細菌が原因でない場合で、症状が軽い場合には、生菌剤で腸を整える方法を取る事も有効です。人間を含めて動物の腸にはもともと必要な細菌がたくさん住んでいます。よく聞くビフィズス菌や乳酸菌がその代表例です。
人間も犬も大腸にすごい量の細菌がおり、腸のはたらきを助けています。しかしそれらの必要な細菌が足りなくなると下痢になったりする事があります。そこで、細菌を外から腸に入れてはたらきを促進させるのが生菌剤です。即効性はありませんが安全性が高いのでよく用いられています。

吐き気には脳にはたらく制吐薬

嘔吐だけに絞った薬を制吐薬といいます。
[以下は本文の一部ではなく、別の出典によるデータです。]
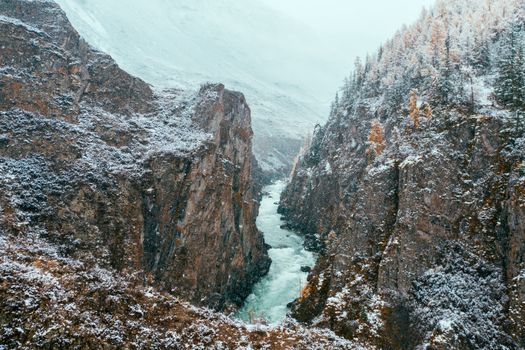 River Between Rocky Mountains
胃炎や腸炎になると多くの場合は吐き気も伴うので、このタイプの薬を使用されることが多いと思いようです。
吐き気は胃からきているというイメージがあると思いますが、制吐薬は脳にはたらきかけます。脳には嘔吐中枢というのがあり、「吐け」と命令する事によって吐き気が起こります。この命令を制しさせるのが制吐薬です。
犬のカットにも病気にも関係ありませんが、車酔いしやすい犬や人というのは、この嘔吐中枢のはたらきと関係がありそうですね。